What happened that night traumatised the nation. None of us has been the same since. I identify with that, because I was a part of it, witnessed it and was a victim of it. But, by God’s grace and divine providence, my father was spared; not because he was special, but because of the grace of God. Every day I mourn and think about the families of those men who died and I tell myself: “were it not for divine providence, my father would have also died and I would not have been what I am today, because he was the one who educated me and did everything for me.” Better yet, I know there was a purpose for that.
So, when people talk about January 15, 1966 and try to, somehow, re-write history or, somehow, revise it, I always stand up to try to defend the truth. I have written many essays to that effect, as well, over the last 10 years. This is because I believe that it is important to tell the truth, because no matter how bitter the truth might be, we must not shy away from it.
There was a man I respected, who died some months ago. His name was Baban Kowa. He was a police officer from Kano State. He was the one who found the bodies of Tafawa Balewa and Okotie-Eboh in the bush. He was a great man and he kept on speaking the truth about what he found, even when others came out to say it was not like that and that Tafawa Balewa was not shot by soldiers, that it was something else that killed him, Baban Kowa stood by his story and it was true. I saw him a month before his death, but throughout the years, I always interacted with him, because he told that story over and over again.

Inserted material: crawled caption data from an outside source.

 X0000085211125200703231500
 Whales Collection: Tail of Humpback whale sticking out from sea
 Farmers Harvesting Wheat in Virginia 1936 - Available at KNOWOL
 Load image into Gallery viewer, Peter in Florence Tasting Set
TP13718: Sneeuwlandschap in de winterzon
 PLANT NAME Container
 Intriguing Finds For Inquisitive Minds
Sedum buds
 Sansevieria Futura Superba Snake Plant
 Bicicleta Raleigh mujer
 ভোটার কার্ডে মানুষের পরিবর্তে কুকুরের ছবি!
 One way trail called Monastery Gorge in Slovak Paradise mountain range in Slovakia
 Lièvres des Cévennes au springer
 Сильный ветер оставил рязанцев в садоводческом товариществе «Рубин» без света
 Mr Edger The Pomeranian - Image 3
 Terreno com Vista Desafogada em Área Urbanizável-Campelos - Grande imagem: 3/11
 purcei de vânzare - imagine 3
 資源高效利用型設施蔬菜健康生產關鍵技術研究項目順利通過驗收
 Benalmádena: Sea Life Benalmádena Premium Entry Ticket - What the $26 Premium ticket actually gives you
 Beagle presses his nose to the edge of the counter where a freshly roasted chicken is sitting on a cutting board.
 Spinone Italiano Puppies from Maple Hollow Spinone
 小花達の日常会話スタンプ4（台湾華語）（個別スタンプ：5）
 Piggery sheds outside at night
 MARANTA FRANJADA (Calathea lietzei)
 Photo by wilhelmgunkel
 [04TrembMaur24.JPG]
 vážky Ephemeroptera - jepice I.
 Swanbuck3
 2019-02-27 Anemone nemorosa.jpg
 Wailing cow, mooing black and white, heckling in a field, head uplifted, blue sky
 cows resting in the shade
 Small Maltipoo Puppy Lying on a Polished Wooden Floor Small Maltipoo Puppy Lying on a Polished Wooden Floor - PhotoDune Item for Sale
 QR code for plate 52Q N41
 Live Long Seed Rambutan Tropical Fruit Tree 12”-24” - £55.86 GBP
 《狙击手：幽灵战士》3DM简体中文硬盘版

Alhaji Maitama Sule, who is still alive in Kano today, was also close to Tafawa Balewa. He was a young minister in the government then and, I guess, he was aware then and can very much tell the story today. I’m glad a few of them are around and can tell their story. Akinjide, Shehu Shagari and a number of others can tell these stories as witnesses to what happened. Above all, it is important we do not forget the path history took, point out the grievous mistakes we made and learn from them sincerely. Also, we must resolve amongst ourselves that, never again, will people be attacked in their homes, dragged out and shot like dogs. Never again will women, wives and children be slaughtered. Never again!